From the court case:
On February 4, 2006, the defendant placed a telephone call to the Salem Turnpike post office in Norwich. The defendant, a letter carrier, working out of the Salem Turnpike branch, was on leave from her job at that time. Deborah Magnant, the branch’s supervisor of customer service, answered the telephone. Magnant recognized the caller’s voice, and the caller identified herself as the defendant. Magnant testified that she had spoken with the caller over the telephone at least two other times over the previous four to five weeks and recognized the voice to be that of the defendant but had never met her. The defendant asked to speak to David Ravenelle, the postmaster, but Magnant told her that he was not working that day. The defendant then asked to whom she was speaking, and Magnant identified herself. The defendant said: “Oh, I know you. I have talked to you before.”
At that point, the defendant started talking about when she would be returning to work, “[a]nd then she said something about the shootings.” Specifically, she said: “[T]he shootings, you know, the shootings in California. I know why she did that. They are doing the same thing to me that they did to her, and I could do that, too.” The defendant was referring to an incident that took place approximately five days prior when a postal employee in California shot and killed several postal workers inside the postal facility where she worked.
Magnant testified that the defendant’s tone of voice was angry and agitated and that the statement about the shootings caused her alarm, so she began taking notes of the conversation. Magnant stated that the defendant continued to talk, “just sharing whatever was on her mind.” She discussed her post-traumatic stress disorder and when she would be returning to work. She also asked for her union steward. The defendant seemed to be upset that she was out of work and talked about how her direct supervisor and the prior postmaster harassed and bullied her and how her supervisor was incompetent. The defendant also mentioned other postal employees by name. The call ended after the defendant told Magnant that she would be calling back on Monday, when she could speak to Ravenelle, and Magnant assured her that she would make sure that Ravenelle knew she would be calling.
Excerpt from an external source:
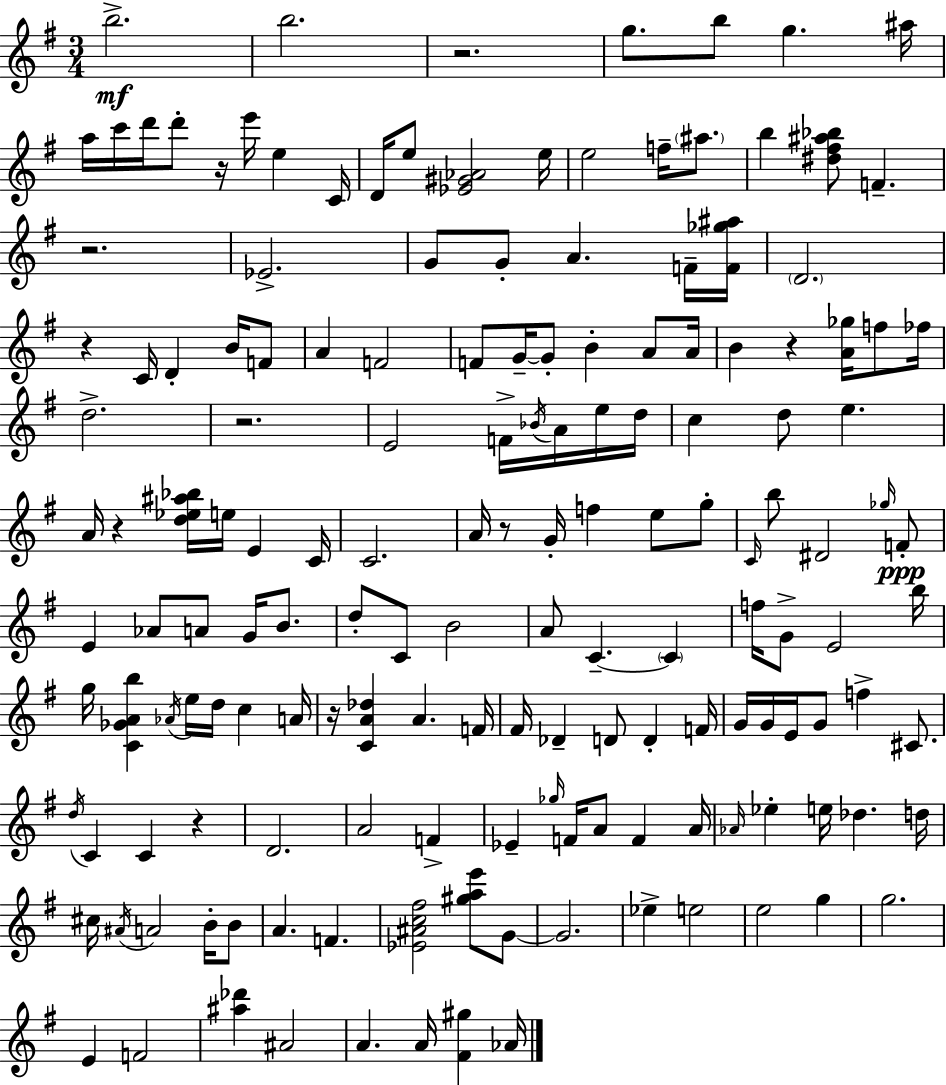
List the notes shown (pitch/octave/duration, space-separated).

Magnant notified Ravenelle about the telephone call as soon as he arrived at work Monday morning, at approximately 6 a.m. Ravenelle contacted his supervisors and the postal inspection service, which acts as an internal police force for the postal service. Magnant spoke with postal inspectors that morning, who asked for her notes of the conversation and instructed her to call the local police. She contacted the police and filed an official report at that point.
The defendant was arrested and charged with breach of the peace in the second degree in violation of § 53a-181 (a) (3)[ 1 ] and harassment in the second degree in violation of § 53a-183 (a) (3).[ 2 ] A trial was held on December 5, 2007, and the jury returned a verdict of guilty on both counts on that date. On January 29, 2008, the defendant was sentenced to six months incarceration, execution suspended, and two years probation on the breach of the peace charge; ninety days incarceration, execution suspended, and one year probation on the harassment charge, to be served consecutively.
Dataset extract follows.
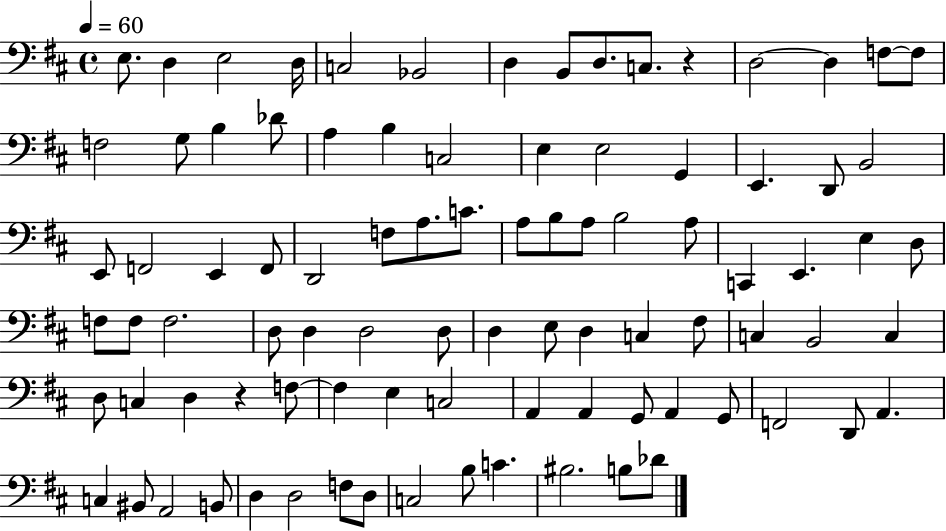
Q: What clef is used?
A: bass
Senior Assistant State’s Attorney Mitchell Brody said he would ask the state Supreme Court to take a look at the case. Brody maintains that the statute covers not only the act of making the call, but also thoughts expressed during the calls. “I think this case is less about the First Amendment and more about how the [harassment and breach of peace] statutes operate and the evidence of whether this is a true threat,” he said.
Prior case law in Connecticut defines a true threat as communication that would be viewed by a reasonable person “as a serious expression of an intent to harm or assault, and not as mere puffery, bluster, jest or hyperbole.”
Robinson said the trial judge gave an incomplete breach of peace instruction that failed to define a true threat. He said that misled jurors, and it was entirely possible they could have found Moulton’s comments to be “mere banter, jest or exaggeration.”
But, in deciding not to dismiss the breach of peace charge, Robinson said it also is entirely possible a jury could ultimately interpret Moulton’s statement as a true threat and thus punishable as speech unprotected by the First Amendment.
If the case is not taken up by the state Supreme Court, it will go back to trial on the breach of peace charge. “[The decision] doesn’t expand what is a threat and what is not a threat,” said Jacob, the public defender. “Right now, the way it stands, it’s unclear.”